Understanding the nature of individuals and complexity
The podcast explores the concept of individuals and complexity, focusing on the idea that complex domains come in the form of packages called individuals or organisms. This perspective challenges the notion that genes are the only unit of selection, emphasizing that individuals play a crucial role in propagating adaptive information forward in time. The podcast discusses how a theory using information theory as a lens can detect different kinds of individuals in complex systems and highlights the importance of understanding the causal units of complex systems.
The future of complexity and the study of intelligence
The podcast reflects on the future of complexity science and its potential for unification. While the field has not achieved a single unified theory of complexity, there are promising signs of synthesis and connections between different subfields. The podcast also delves into the topic of intelligence, considering it as a universal phenomenon. It explores the emergence of large language models and their impact on our understanding of intelligence, highlighting the need for a pluralistic attitude to define and comprehend concepts like intelligence, meaning, understanding, and consciousness.
Complexity scientists have been able to make an impressive amount of progress despite the fact that there is not universal agreement about what "complexity" actually is.
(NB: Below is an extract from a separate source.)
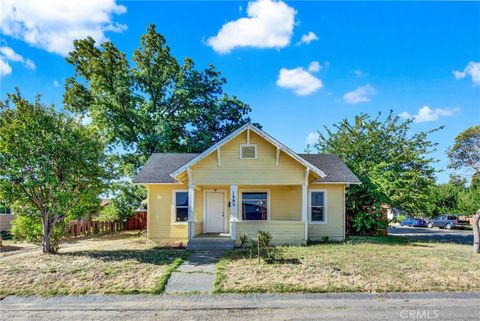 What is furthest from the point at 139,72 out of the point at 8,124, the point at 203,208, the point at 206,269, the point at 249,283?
the point at 249,283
We know it when we see it, perhaps, but there are a number of aspects to the phenomenon, and different researchers will naturally focus on their favorites. Today's guest, David Krakauer, is president of the Santa Fe Institute and a longtime researcher in complexity. He points the finger at the concept of agency. A ball rolling down a hill just mindlessly obeys equations of motion, but a complex system gathers information and uses it to adapt. We talk about what that means and how to think about the current state of complexity science.
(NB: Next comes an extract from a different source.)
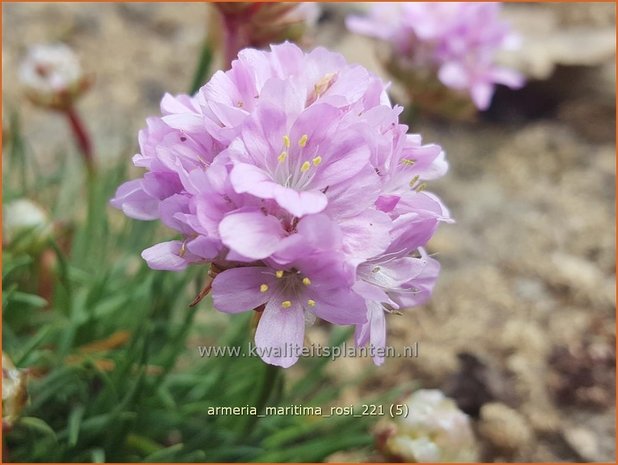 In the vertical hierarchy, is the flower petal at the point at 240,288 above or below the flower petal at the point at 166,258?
below

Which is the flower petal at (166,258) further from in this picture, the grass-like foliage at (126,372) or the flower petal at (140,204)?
the grass-like foliage at (126,372)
Blog post with transcript: https://www.preposterousuniverse.com/podcast/2023/07/10/242-david-krakauer-on-complexity-agency-and-information/
David Krakauer received his D.Phil. in evolutionary biology from Oxford University. He is currently President and William H. Miller Professor of Complex Systems at the Santa Fe Institute. Previously he was at the University of Wisconsin, Madison, where he was the founding director of the Wisconsin Institute for Discovery and the Co-director of the Center for Complexity and Collective Computation. He was included in Wired magazine's list of "50 People Who Will Change the World."